4) How do we obtain the expression of open loop undamped natural frequency response, w_{no} as (sqrt(2) * w_{c})?

Let's make \$\omega_c = 1\$ for the following calculation, for clarity sake. If the DC feedback is 1, you have \$G = \frac{G_0}{1 + G_0}\$ If you solve for \$G_0\$, you easily get: \$\frac{1}{G_0} = \frac{1}{G} - 1\$. From the Butterworth hypothesys, you know \$\frac{1}{G} = 1 + 2s + 2s^2 + s^3\$, so \$\frac{1}{G_0} = 2s + 2s^2 + s^3\$. That is, \$G_0 = \frac{1}{2s + 2s^2 + s^3} = \frac{1}{2s\left(1 + s + s^2/2\right)}\$

Using arbitrary \$\omega_c\$ again, this is (2.6):

\$\displaystyle G_0 \ = \ \frac{1}{\left(\frac{2}{\omega_c}s\right)\left(1 + \left(\frac{1}{\omega_c}\right)s + \left(\frac{1}{2\omega_c^2}\right)s^2\right)}\$

Now, (2.5) is the general form of a three pole system: one pole must be real, the other two must be complex conjugate.

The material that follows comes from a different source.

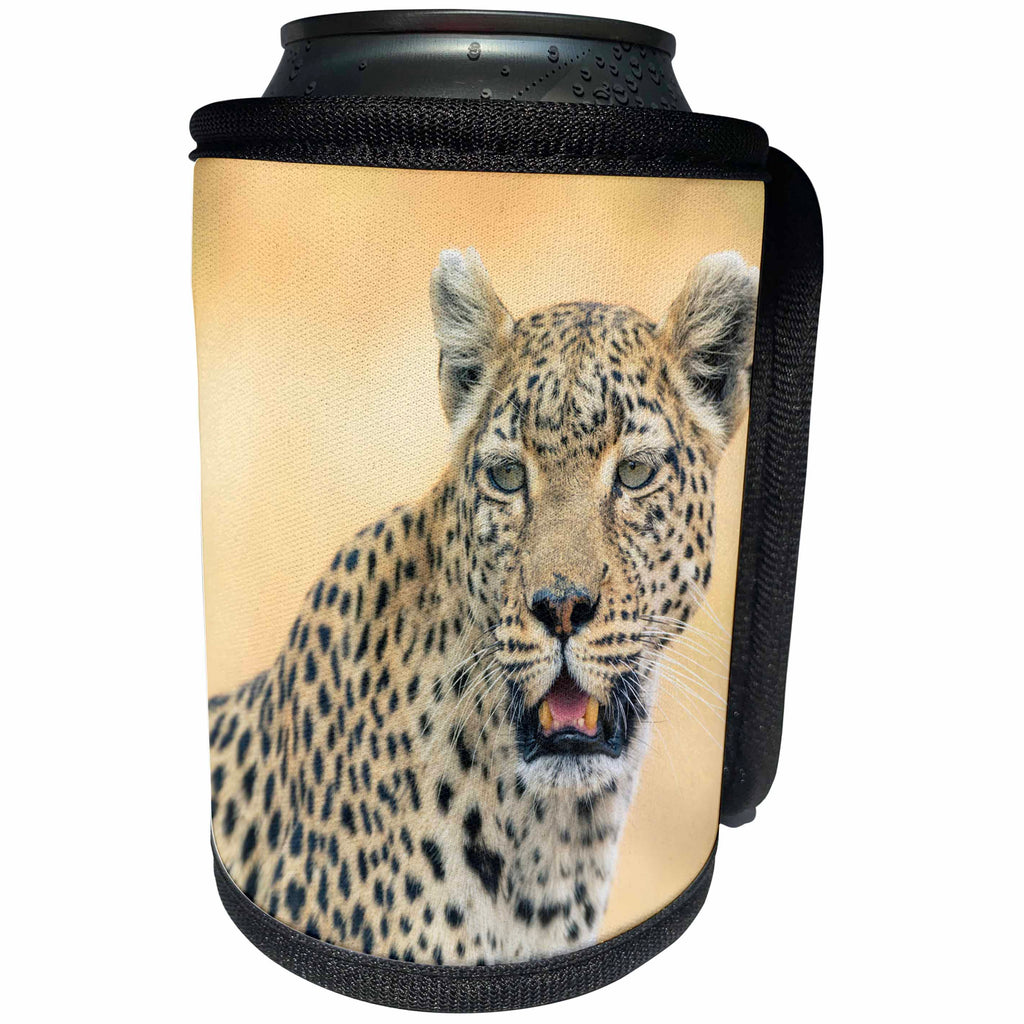 3dRose Danita Delimont - Leopard - Botswana. Okavango Delta. Khwai concession. Leopard looks out for prey - Can Cooler Bottle Wrap (cc_256832)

If you equate the general form (2.5) to the Butterworth form (2.6), the irreducible quadratic polynomials must be equal (proportional at least) , so:

\$\displaystyle 1 + \left(\frac{1}{\omega_c}\right)s + \left(\frac{1}{2\omega_c^2}\right)s^2 \ = \ 1 + 2\zeta_0\left(\frac{1}{\omega_{no}}\right)s + \left(\frac{1}{\omega_{no}^2}\right)s^2\$

Equating coefficients, you get: \$\frac{1}{\omega_c} = 2\zeta_0\frac{1}{\omega_{no}}\$ and \$\frac{1}{2\omega_c^2} = \frac{1}{\omega_{no}^2}\$

The second equation gives you \$\omega_{no} = \sqrt{2}\omega_c\$. Using this in the first equation gives you \$\zeta_0 = \frac{1}{\sqrt{2}}\$.